Wednesday, March 11, 2015


The following quote is about the lifelessness that can overtake the soul and reduce the works of charity or religion to nothing more than good habits, lacking the life of the Spirit. In that state we may produce good works by a cold exactitude, but have removed ourselves from the life and struggle of the living  soul, ours or others, where instead of spiritual passion and the heart needs of others as our motive, we become automatic in our doing, devoid of the life of God and love of man.

  "A faithful and reliable man is a priceless and wholesome blessing in this world: but this cold exactitude is not faithfulness. Springing from no life of conscience and graced by no varieties of love, it is neither a sacrifice to God, nor a heart-offering to man, but only that absence of disturbance which arises from an unimpassioned and plodding nature. The human piecework that is got through by those who are content to do much and be nothing is doubtless great. But it is only negative: the moment it ceases to be the expression and outcoming of a living soul, its very copiousness is dearth (an inadequate supply) and its success is failure.

When the regularities of habit and the perseverance of will become simply automatic: however they may pace with the heavier grist (anything that can be turned to profit or advantage) the mill of wealth, they have ever less to offer at the shrine of worship: the windows are darkened through which gleams of divine and solemn light once entered and enriched the soul; the voice loses its mellow tones, and is no longer flexible enough to sing a song of hope to the heavy hearts of sorrowing men.
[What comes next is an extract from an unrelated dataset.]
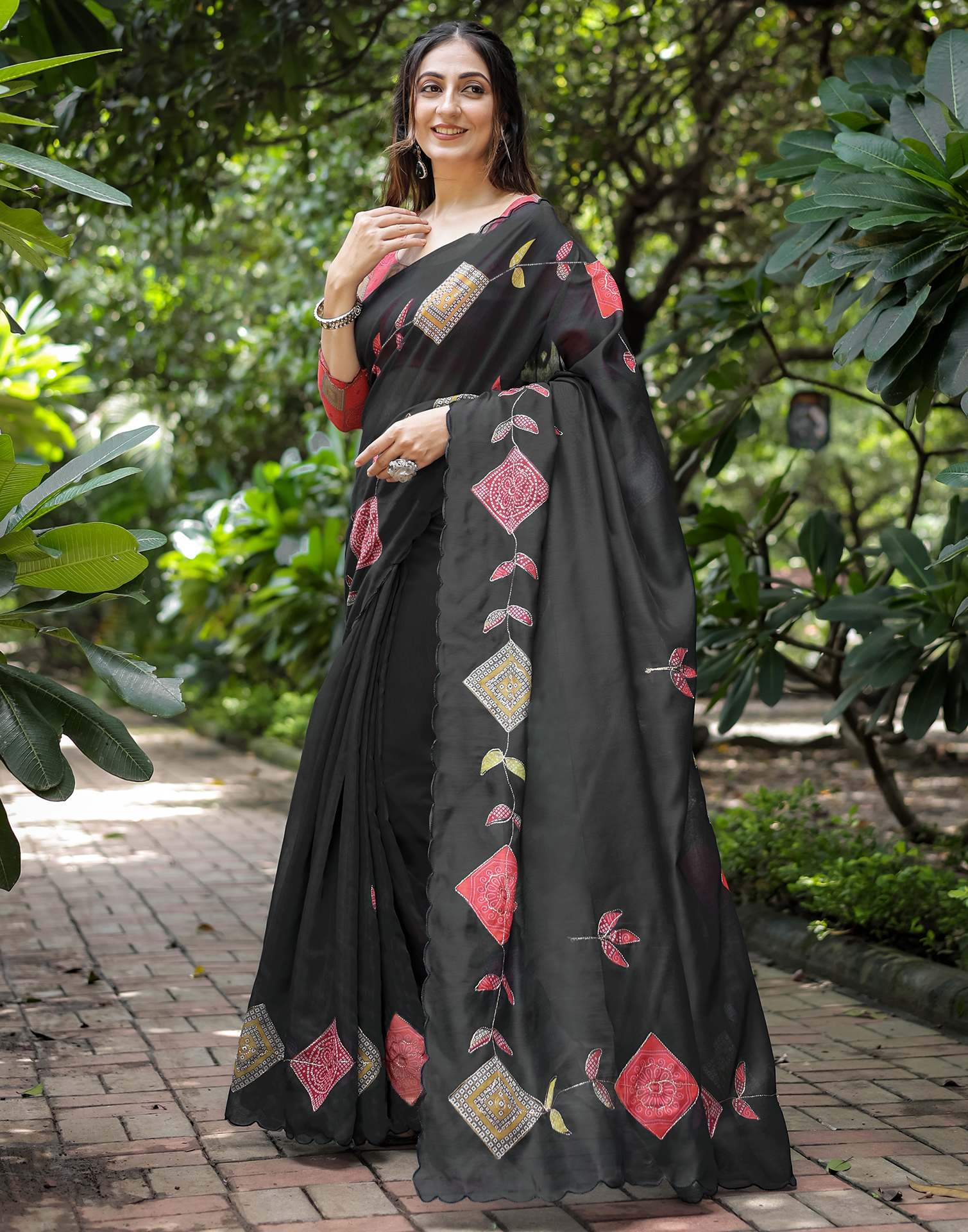 Black Cotton Printed Saree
No withered unconcern, no dead exactitude, is fitted for a life like ours, -- a life full of free elements, related not merely to the punctualities of material nature, but to the heaving passions of living men; -- a life strewed with various sorrows and full of struggling nobleness, where no open ear is ever far from the curse, the sigh, the prayer; -- a life of outward heats and inward thirst, that no sleeping millpond can keep clear and fresh, but only the running waters of the pure soul descending from the upland wilds. Neither in the human nor in the Divine existence does the most faultless uniformity in itself constitute perfection."